Your credit rating is not just a number that you don't have to worry about. It can play a critical role in the decision when you apply for credit, whether for a mortgage, a credit card or when trying to finance your next car.
11-September-16
Your credit rating and its importance

Your credit rating and how important is it

When we’re young, we watch TV shows where jokes are made about credit scores and the comedic results of having a low score. Unfortunately, as we get older we realise that it’s no laughing matter. But what is your credit score, how can you find out more about it and, perhaps most importantly, how can you take steps to improve it?

Your credit rating is a statistical method used to determine how likely it is that you’ll pay back money that you have borrowed. Factors taken into account when calculating a credit rating include a person’s credit payment history, their current debts, their credit type mix, the time length of credit history, and how frequently they apply for new credit.

The next question is, why is your credit rating important? When you apply for a loan, a mortgage, or a credit card, you credit rating is checked up. Not only could the outcome of this determine if your application will be successful or not, but you could be paying an added risk premium. Those with worse credit scores will be lent money at a higher rate than those with a good credit score, and will pay more in the long run as a result.

There are a few companies that compile credit reports, including Experian, Equifax, and Callcredit. It’s worth looking for a company that will do it for free, or a few pounds at most. This credit report typically includes info about your credit accounts, repayment history, and public record information, among other details.
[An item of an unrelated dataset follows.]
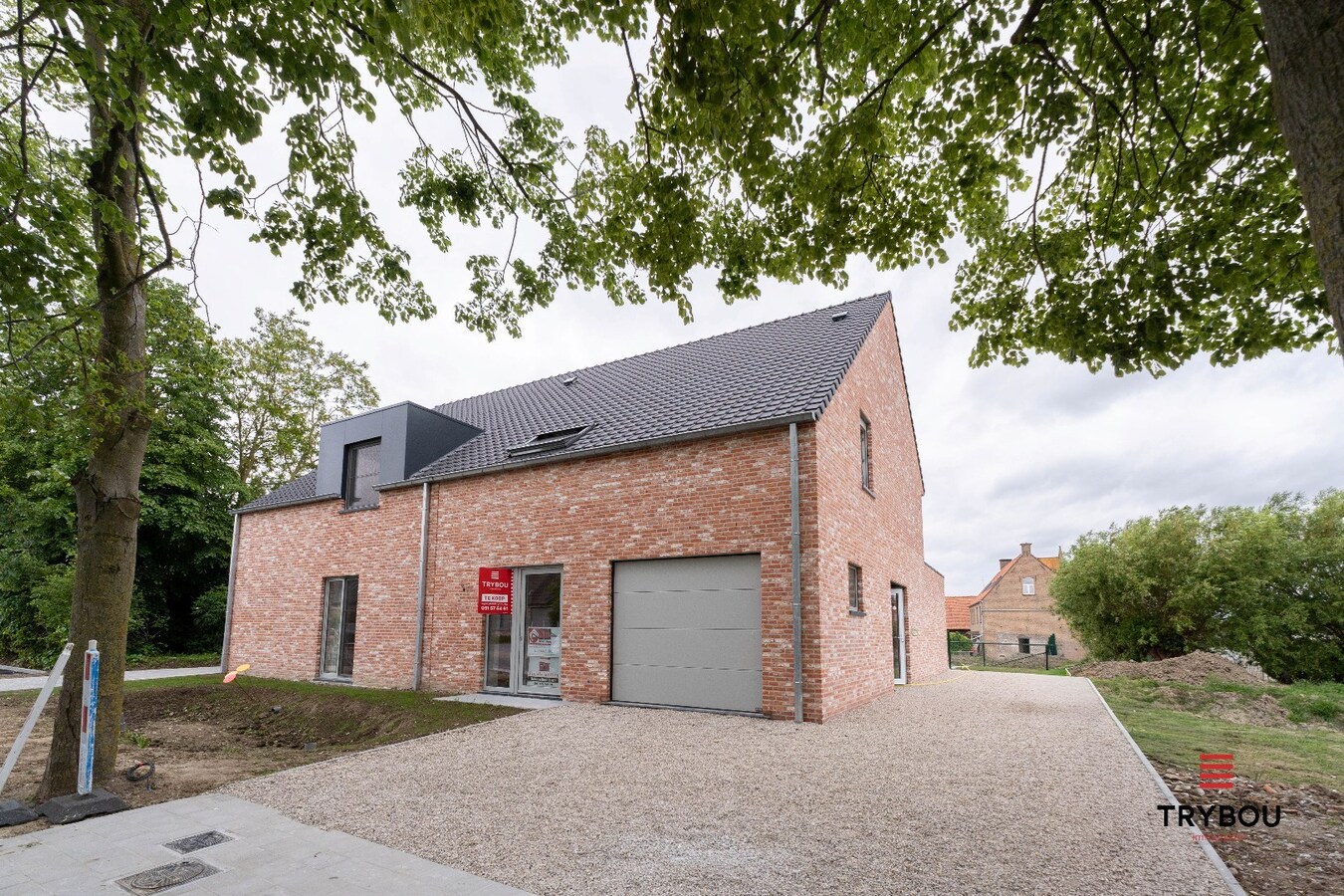 Instapklare nieuwbouwwoning in Poelkapelle!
If you’re less than pleased with what comes back, there are steps you can take to improve your credit score.

Make sure you’re on the electoral register. It will be much harder to get credit if your name isn’t on it.

Make loan payments in a timely fashion and for the correct amount.

Don’t ignore overdue bills. If you’re having issues making repayments, you should try to make repayment arrangements.

Keep outstanding debt to a minimum.

Avoid overextending your credit and cancel unused credit cards.

Limit the number of credit applications you make. Ideally, you should stop applying for credit until you’ve sorted problems on your credit file.